Symptoms of overdose in particular include: collapse into a seizure; chest pain (possible precursor of a heart attack); fast, pounding heartbeat, which may cause raised blood pressure (hypertension); irregular heartbeat (cardiac arrhythmia), which may cause paradoxical lowered blood pressure (hypotension); nervousness and tremor; headache; dizziness and nausea/vomiting; weakness or exhaustion (medical fatigue); dry mouth; and insomnia.

Rarer side effects may indicate a dangerous allergic reaction. These include: paradoxical bronchospasm (shortness of breath and difficulty breathing); skin itching, rash, or hives (urticaria); swelling (angioedema) of any part of the face or throat (which can lead to voice hoarseness), or swelling of the extremities.

== Pharmacology ==

=== Mechanism of action ===

Activation of β_{2} adrenergic receptors on airway smooth muscle leads to the activation of adenylate cyclase and to an increase in the intracellular concentration of 3',5'-cyclic adenosine monophosphate (cyclic AMP). The increase in cyclic AMP is associated with the activation of protein kinase A, which in turn, inhibits the phosphorylation of myosin and lowers intracellular ionic calcium concentrations, resulting in muscle relaxation.
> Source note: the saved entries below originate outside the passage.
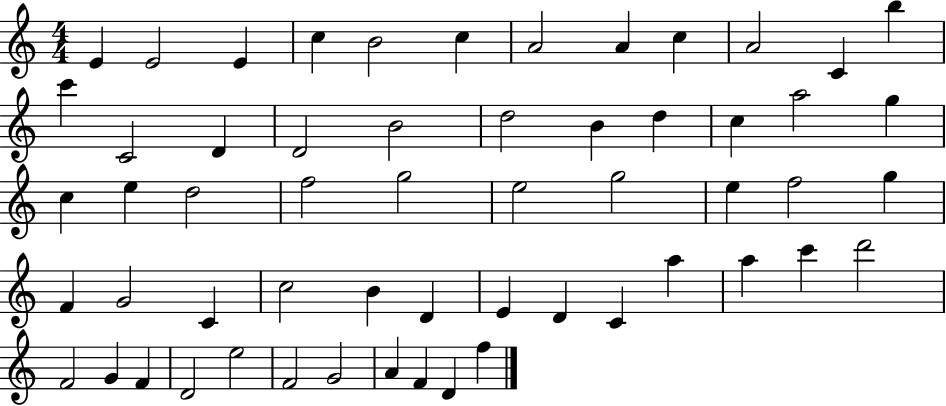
X:1
T:Untitled
M:4/4
L:1/4
K:C
E E2 E c B2 c A2 A c A2 C b c' C2 D D2 B2 d2 B d c a2 g c e d2 f2 g2 e2 g2 e f2 g F G2 C c2 B D E D C a a c' d'2 F2 G F D2 e2 F2 G2 A F D f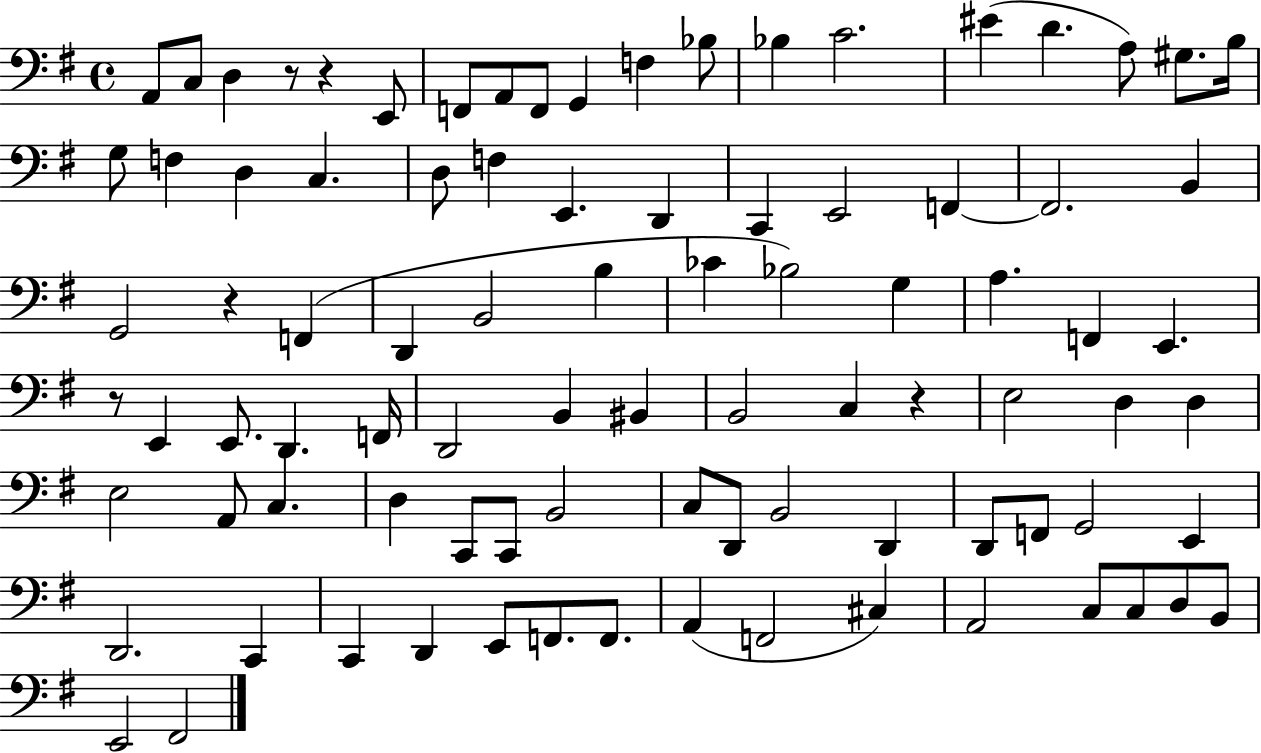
X:1
T:Untitled
M:4/4
L:1/4
K:G
A,,/2 C,/2 D, z/2 z E,,/2 F,,/2 A,,/2 F,,/2 G,, F, _B,/2 _B, C2 ^E D A,/2 ^G,/2 B,/4 G,/2 F, D, C, D,/2 F, E,, D,, C,, E,,2 F,, F,,2 B,, G,,2 z F,, D,, B,,2 B, _C _B,2 G, A, F,, E,, z/2 E,, E,,/2 D,, F,,/4 D,,2 B,, ^B,, B,,2 C, z E,2 D, D, E,2 A,,/2 C, D, C,,/2 C,,/2 B,,2 C,/2 D,,/2 B,,2 D,, D,,/2 F,,/2 G,,2 E,, D,,2 C,, C,, D,, E,,/2 F,,/2 F,,/2 A,, F,,2 ^C, A,,2 C,/2 C,/2 D,/2 B,,/2 E,,2 ^F,,2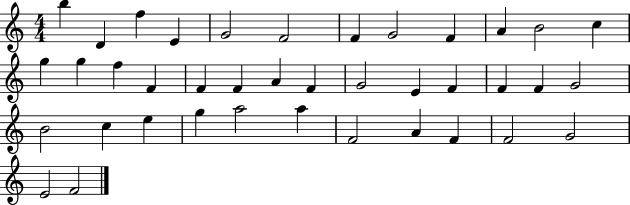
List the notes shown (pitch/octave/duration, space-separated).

B5/q D4/q F5/q E4/q G4/h F4/h F4/q G4/h F4/q A4/q B4/h C5/q G5/q G5/q F5/q F4/q F4/q F4/q A4/q F4/q G4/h E4/q F4/q F4/q F4/q G4/h B4/h C5/q E5/q G5/q A5/h A5/q F4/h A4/q F4/q F4/h G4/h E4/h F4/h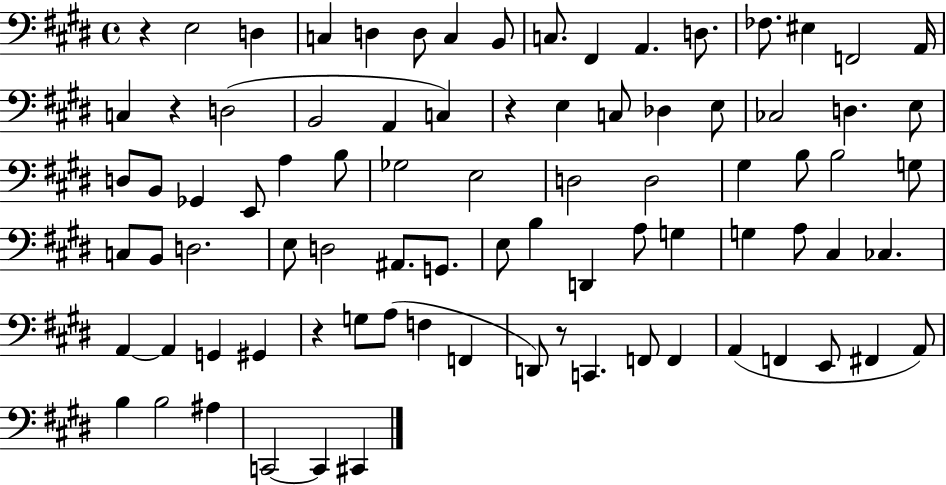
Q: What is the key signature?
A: E major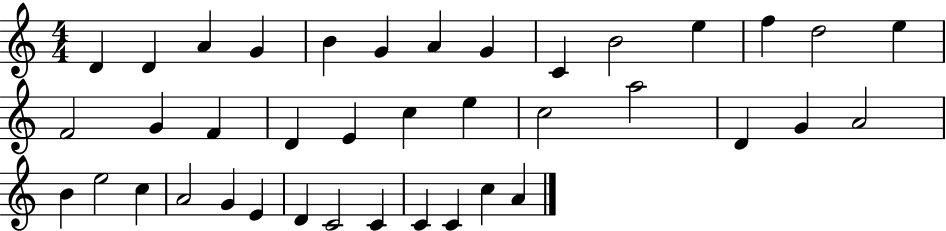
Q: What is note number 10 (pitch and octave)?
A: B4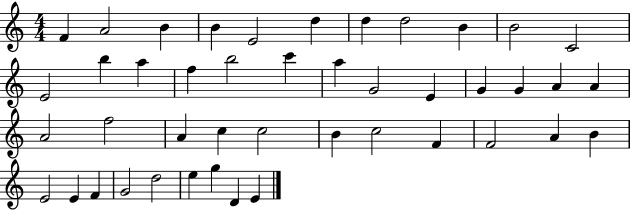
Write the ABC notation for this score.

X:1
T:Untitled
M:4/4
L:1/4
K:C
F A2 B B E2 d d d2 B B2 C2 E2 b a f b2 c' a G2 E G G A A A2 f2 A c c2 B c2 F F2 A B E2 E F G2 d2 e g D E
Levosalbutamol relaxes the smooth muscles of all airways, from the trachea to the terminal bronchioles. Increased cyclic AMP concentrations are also associated with the inhibition of the release of mediators from mast cells in the airways. Levosalbutamol acts as a functional agonist that relaxes the airway irrespective of the spasmogen involved, thereby protecting against all bronchoconstrictor challenges.

While it is recognized that β_{2} adrenergic receptors are the predominant receptors on bronchial smooth muscle, data indicate that there are beta receptors in the human heart, 10–50% of which are β_{2} adrenergic receptors. The precise function of these receptors has not been established. However, all β-adrenergic agonist drugs can produce a significant cardiovascular effect in some patients, as measured by pulse rate, blood pressure, and restlessness symptoms, and/or electrocardiographic (ECG).

Levosalbutamol and salbutamol do not racemize significantly before being eliminated from the human body. Enantiomerically pure levosalbutamol is preferred over racemic salbutamol in most cases, because the other optical isomer (S-salbutamol) has some negative side-effects.

== Society and culture ==
Levosalbutamol is on the list of drugs banned by the World Anti-Doping Agency.

=== Economics ===
Levalbuterol is more costly than salbutamol.

=== Legal status ===

Levalbuterol was approved in the United States as a solution to be used with a nebulizer device in March 1999, and in March 2005, became available in a formulation with a metered-dose inhaler under the brand name Xopenex HFA (levalbuterol tartrate inhalation aerosol).

=== Names ===
Levosalbutamol is the international nonproprietary name and levalbuterol is the United States Adopted Name.
It is available in Bangladesh as Purisal by Incepta Pharmaceuticals Ltd.